WORK INSTRUCTION
The reply should hold every entry exactly as written and none of the pictures.

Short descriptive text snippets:
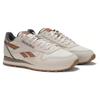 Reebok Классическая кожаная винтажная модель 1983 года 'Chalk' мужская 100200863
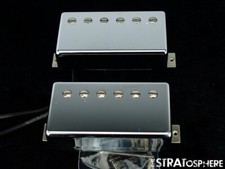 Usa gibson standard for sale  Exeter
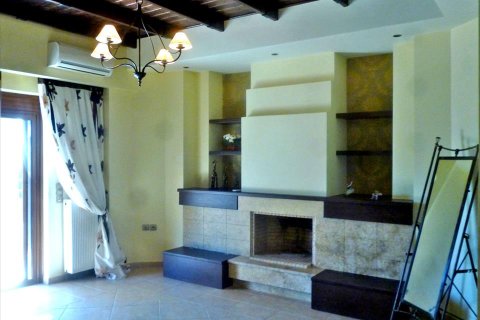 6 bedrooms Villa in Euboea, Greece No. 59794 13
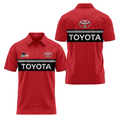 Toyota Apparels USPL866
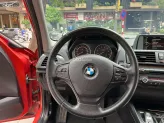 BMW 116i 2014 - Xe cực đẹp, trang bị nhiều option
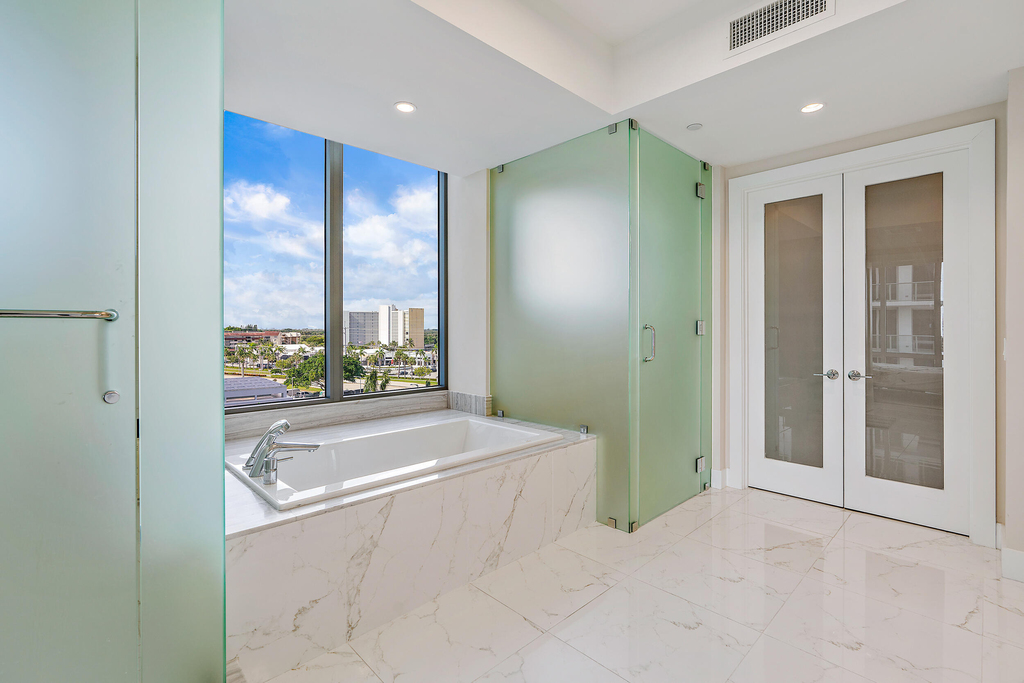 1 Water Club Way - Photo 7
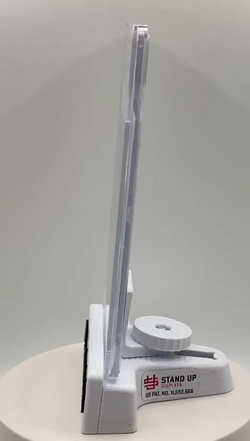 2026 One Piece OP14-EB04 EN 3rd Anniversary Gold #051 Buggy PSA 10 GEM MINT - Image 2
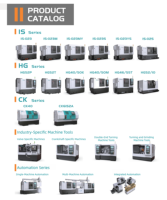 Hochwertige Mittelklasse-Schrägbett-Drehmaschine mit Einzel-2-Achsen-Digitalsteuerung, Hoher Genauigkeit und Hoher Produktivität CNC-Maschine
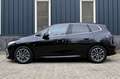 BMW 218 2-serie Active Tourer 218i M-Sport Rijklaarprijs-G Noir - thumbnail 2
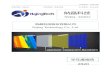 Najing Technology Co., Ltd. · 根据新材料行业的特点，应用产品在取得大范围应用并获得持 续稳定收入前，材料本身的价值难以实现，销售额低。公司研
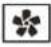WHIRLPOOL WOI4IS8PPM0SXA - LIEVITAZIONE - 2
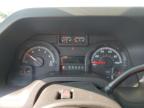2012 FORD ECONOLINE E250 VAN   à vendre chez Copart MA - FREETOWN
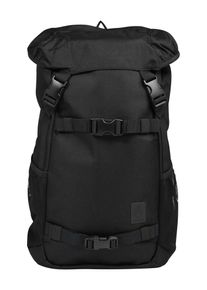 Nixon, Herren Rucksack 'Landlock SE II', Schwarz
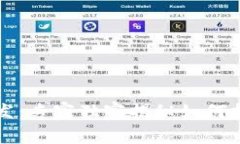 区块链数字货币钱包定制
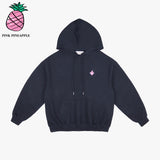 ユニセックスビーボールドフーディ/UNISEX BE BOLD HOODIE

OUTPUT FOR THIS TASK
 Reebok Классическая кожаная винтажная модель 1983 года 'Chalk' мужская 100200863
 Usa gibson standard for sale  Exeter
 6 bedrooms Villa in Euboea, Greece No. 59794 13
 Toyota Apparels USPL866
 BMW 116i 2014 - Xe cực đẹp, trang bị nhiều option
 1 Water Club Way - Photo 7
 2026 One Piece OP14-EB04 EN 3rd Anniversary Gold #051 Buggy PSA 10 GEM MINT - Image 2
 Hochwertige Mittelklasse-Schrägbett-Drehmaschine mit Einzel-2-Achsen-Digitalsteuerung, Hoher Genauigkeit und Hoher Produktivität CNC-Maschine
 BMW 218 2-serie Active Tourer 218i M-Sport Rijklaarprijs-G Noir - thumbnail 2
 Najing Technology Co., Ltd. · 根据新材料行业的特点，应用产品在取得大范围应用并获得持 续稳定收入前，材料本身的价值难以实现，销售额低。公司研
WHIRLPOOL WOI4IS8PPM0SXA - LIEVITAZIONE - 2
2012 FORD ECONOLINE E250 VAN   à vendre chez Copart MA - FREETOWN
 Nixon, Herren Rucksack 'Landlock SE II', Schwarz
 区块链数字货币钱包定制
 ユニセックスビーボールドフーディ/UNISEX BE BOLD HOODIE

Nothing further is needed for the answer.